### AIM OF THE EXERCISE:
Return, word for word, only the lines of the data below that lie between the line with "This is tip" and the line with "And that's it", those two lines included.

### MATERIAL TO PROCESS:
————

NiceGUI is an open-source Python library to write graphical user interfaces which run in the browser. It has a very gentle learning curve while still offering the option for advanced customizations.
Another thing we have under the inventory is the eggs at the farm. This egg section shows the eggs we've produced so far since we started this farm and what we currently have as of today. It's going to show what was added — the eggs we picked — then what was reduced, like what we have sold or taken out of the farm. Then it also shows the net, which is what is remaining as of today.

————

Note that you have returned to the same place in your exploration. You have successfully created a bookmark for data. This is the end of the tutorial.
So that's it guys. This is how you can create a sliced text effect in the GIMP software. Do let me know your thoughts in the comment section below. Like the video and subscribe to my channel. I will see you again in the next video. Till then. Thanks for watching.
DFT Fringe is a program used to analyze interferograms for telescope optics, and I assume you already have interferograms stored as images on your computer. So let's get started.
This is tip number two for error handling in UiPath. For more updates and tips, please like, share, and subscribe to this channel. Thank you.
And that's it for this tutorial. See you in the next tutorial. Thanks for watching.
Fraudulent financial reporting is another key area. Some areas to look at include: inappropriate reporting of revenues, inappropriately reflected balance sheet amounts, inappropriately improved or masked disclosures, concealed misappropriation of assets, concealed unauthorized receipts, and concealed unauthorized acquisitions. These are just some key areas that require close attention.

————

### RESULT OF THIS EXERCISE:
This is tip number two for error handling in UiPath. For more updates and tips, please like, share, and subscribe to this channel. Thank you.
And that's it for this tutorial. See you in the next tutorial. Thanks for watching.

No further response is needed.